While I was off in August, CIPA produced the shipment numbers for June 2016. Here’s what the first six months of each of the past five years looks like graphed (mirrorless on left, DSLR on right):

bythom cipa june

Even those that have been proclaiming that “mirrorless is healthy” should see that maybe it isn’t. This year has the problem of sensor and other parts being in short supply due to the quake, so the 2016 drops certainly don’t reflect what Japan wanted to ship in the second quarter. Worse still, Canon reported no drop in unit volume during the quarter for ILCs, so those bad CIPA numbers for May/June may be mostly reflecting Nikon, Sony, and the others. 

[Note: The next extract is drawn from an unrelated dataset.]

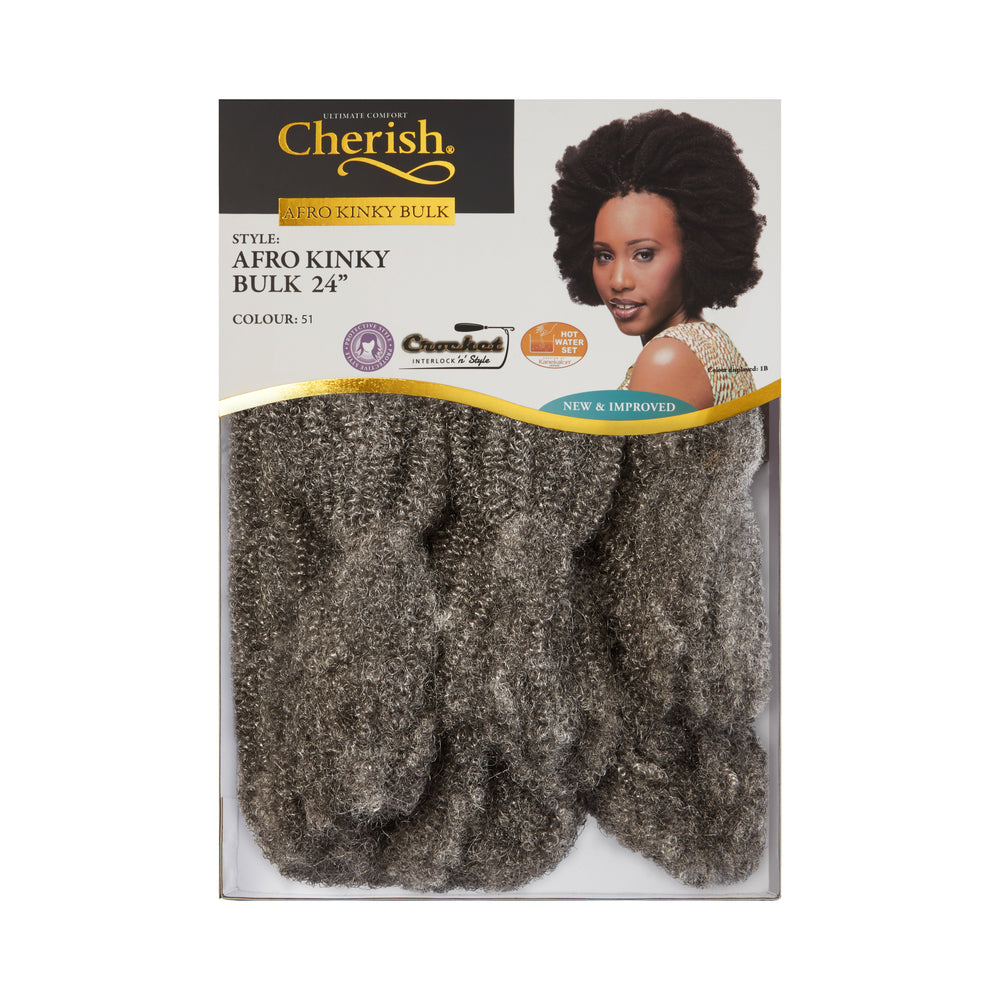 Cherish Ultimate Comfort Afro Kinky Bulk Hair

I’m sure that everyone in Tokyo just wants to write off the first half of the year and start over at Photokina in September. Hopefully being able to launch and produce some models that will give them some substantive bounce for the second half of the year and make things look less bleak. 

Some analysts have predicted that the “bottom” for ILCs is likely in the 6m units a year range. That’s about half the run rate we’re at for the first six months of this year. So if those analysts are right, all that hurt we’re seeing in Japan right now is going to just continue to get worse, even with any Christmas 2016 bounce. The yen/dollar and yen/Euro relationship isn’t helping things, either. Suddenly in all the forward-looking estimates from the Japanese vendors I’m seeing yen/dollar guesses as low as 103, meaning that all that help that the camera companies got from the dollar appreciation pretty much will have dissipated. 

So let’s all hope that Photokina presents us with lots of new interesting and desirable products, and that the world economy doesn’t get tipped into a new period of decline by Brexit, the US election, a new world crisis, or some other big event. The camera companies had a very lean start to the year. They all need a couple of good quarters to take the cashflow and ROI pressures off a bit, or else the death spiral won’t level out as we need it to, it’ll get steeper. 

Every time I use the words “death spiral” I hesitate. Technically, I’m making an analogy to a plane out of flight control that’ll crash into the ground. As we’ve seen from previous Japanese CES cycles where products go completely out of the mass market, you still end up with plenty of companies that are willing to just live with being far smaller, though not very high off the ground.